Is out October 3rd apparently. Definitely coming to Xbox, I am unsure about PC.

Over 700 cars, including Porsche this time.


----------



## Joshr1989 (May 16, 2015)

Said windows 10 at the end of the advert so I'd say PC is getting a copy. Microsoft are releasing all exclusives for PC through the windows store I believe.


Sent from my iPhone using Tapatalk


----------



## ollienoclue (Jan 30, 2017)

Sounds good. Just hope we have Ruf again this time. Miss my RGT-8.

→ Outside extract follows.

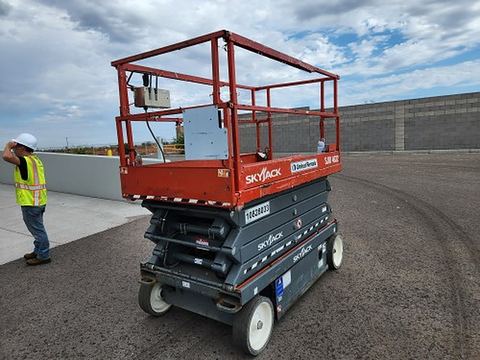 2018 SKYJACK SJIII4632 Scissor Lift 30-35' Electric 46-48" Wide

In the meantime here are some Forza Horizon 3 screenies:


----------



## Leooo (Apr 2, 2010)

Those photos are ridiculous! Nice work. I'm tempted by the Xbox one x just for Forza 7 and horizon 3 lol

Sent from my SM-G955F using Tapatalk


----------



## ollienoclue (Jan 30, 2017)

I would point out the best ones are not mine, I just half inched them off the Forza hub which is loaded with jaw dropping stuff. The acid green 918 is mine.


----------



## ElliottHorwood (May 25, 2017)

It will be an xbox play anywhere, forza horizon 3 was the same. If you buy the game either on xbox or pc you get option to play on both. After playing horizon 3 on the xbox then switching to pc, i dont think i would ever play another forza title on the xbox


----------



## scuba-phil (Feb 18, 2016)

iv just swapped my ps4 for an xbox one so i can play forza


----------